Here is an attempt to nondeterministically (read: exhaustively) solve the problem of finding where the dates are in the tokenized text. It enumerates all ways of partitioning the sentence (as list of tokens), with partition size from minps
to maxps
.
Each partitioning is run into the parser, which outputs a list of parsed dates, and the token range where it was parsed.
Each parser output is scored with sum of token ranges squared (so to prefer a date parsed from 4 tokens rather than 2 dates parsed from 2 tokens each).
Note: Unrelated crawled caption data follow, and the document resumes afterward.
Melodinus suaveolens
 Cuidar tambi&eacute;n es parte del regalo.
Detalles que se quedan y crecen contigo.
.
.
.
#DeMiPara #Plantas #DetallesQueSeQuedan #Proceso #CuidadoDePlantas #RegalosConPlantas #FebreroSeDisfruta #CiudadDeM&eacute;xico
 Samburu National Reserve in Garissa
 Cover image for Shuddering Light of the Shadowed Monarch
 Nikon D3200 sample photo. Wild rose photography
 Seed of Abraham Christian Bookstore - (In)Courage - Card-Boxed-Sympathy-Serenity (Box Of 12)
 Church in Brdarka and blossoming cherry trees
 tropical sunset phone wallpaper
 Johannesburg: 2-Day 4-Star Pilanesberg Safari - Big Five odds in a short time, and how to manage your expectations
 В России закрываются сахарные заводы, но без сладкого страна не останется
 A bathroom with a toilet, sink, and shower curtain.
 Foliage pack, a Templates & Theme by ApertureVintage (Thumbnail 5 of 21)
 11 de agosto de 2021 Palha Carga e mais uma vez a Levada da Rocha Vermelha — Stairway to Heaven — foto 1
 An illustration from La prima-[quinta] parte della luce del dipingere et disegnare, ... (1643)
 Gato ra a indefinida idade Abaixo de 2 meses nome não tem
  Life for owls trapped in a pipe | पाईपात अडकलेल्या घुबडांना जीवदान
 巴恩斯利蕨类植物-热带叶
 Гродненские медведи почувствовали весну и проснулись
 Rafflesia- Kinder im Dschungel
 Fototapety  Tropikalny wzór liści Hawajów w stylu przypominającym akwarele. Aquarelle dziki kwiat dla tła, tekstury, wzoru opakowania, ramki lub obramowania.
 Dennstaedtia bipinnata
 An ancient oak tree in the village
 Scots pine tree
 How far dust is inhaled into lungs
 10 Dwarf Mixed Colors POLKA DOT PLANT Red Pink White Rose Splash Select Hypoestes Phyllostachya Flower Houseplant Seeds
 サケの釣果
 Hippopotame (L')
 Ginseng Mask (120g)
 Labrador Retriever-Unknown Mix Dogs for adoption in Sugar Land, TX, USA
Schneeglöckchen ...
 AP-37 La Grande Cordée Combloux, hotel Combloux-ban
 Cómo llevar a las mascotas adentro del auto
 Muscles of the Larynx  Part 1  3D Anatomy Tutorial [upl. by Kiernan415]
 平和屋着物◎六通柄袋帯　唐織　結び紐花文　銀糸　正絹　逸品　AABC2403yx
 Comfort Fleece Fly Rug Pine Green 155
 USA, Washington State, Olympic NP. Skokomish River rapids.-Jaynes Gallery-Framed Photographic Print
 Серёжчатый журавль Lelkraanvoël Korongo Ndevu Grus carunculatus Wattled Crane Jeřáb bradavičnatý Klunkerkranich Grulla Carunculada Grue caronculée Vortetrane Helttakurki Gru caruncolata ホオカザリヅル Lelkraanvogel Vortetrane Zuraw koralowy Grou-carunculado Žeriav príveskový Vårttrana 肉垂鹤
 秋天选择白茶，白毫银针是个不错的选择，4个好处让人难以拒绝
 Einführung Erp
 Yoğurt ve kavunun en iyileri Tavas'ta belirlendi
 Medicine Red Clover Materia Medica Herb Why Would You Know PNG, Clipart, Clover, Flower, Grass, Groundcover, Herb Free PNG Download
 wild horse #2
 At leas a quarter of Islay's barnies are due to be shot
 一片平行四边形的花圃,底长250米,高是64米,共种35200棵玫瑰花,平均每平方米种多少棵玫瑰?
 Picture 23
Finally, it find and outputs the parse with best score.
The three building blocks of the algorithm:
from dateutil.parser import parse as parsedate
def partition(lst, minps, maxps, i=0):
if lst == []:
yield []
else:
try:
for l in range(minps, maxps+1):
if l > len(lst): continue
for z in partition(lst[l:], minps, maxps, i+l):
yield [(i, lst[:l])] + z
except:
pass
def parsedates(p):
for x in p:
i, pi = x
try:
d = parsedate(' '.join(pi))
# output: (startIndex, endIndex, parsedDate)
if d: yield i, i+len(pi), d
except: pass
def score(p):
score = 0
for pi in p:
score += (pi[1]-pi[0])**2
return score
Finding the parse with best score:
def bestparse(toks, maxps=3):
bestscore = 0
bestparse = None
for ps in partition(toks, 1, maxps):
l = list(parsedates(ps))
s = score(l)
if s > bestscore:
bestscore = s
bestparse = l
return bestparse
Some tests:
l=['bla', 'bla', 'bla', '12', 'Jan', '14', 'bla', 'bla', 'bla', '01/04/15', 'bla', 'bla']
for bpi in bestparse(l):
print('found date %s at tokens %s' % (bpi[2], ','.join(map(str, range(*bpi[:2])))))
found date 2014-01-12 00:00:00 at tokens 3,4,5
found date 2015-01-04 00:00:00 at tokens 9
l=['Fred', 'was', 'born', 'on', '23/1/99', 'at', '23:30']
for bpi in bestparse(l, 5):
print('found date %s at tokens %s' % (bpi[2], ','.join(map(str, range(*bpi[:2])))))
found date 1999-01-23 23:30:00 at tokens 3,4,5,6
Beware that this can be very computationally expensive, so you may want to run it on single short phrases, not on the whole document. You may even want to split long phrases in chunks.
Another point for improvement is the partitioning function. If you have prior information like how many dates can be at most in a single sentence, the number of ways of partitioning it can be greatly reduced.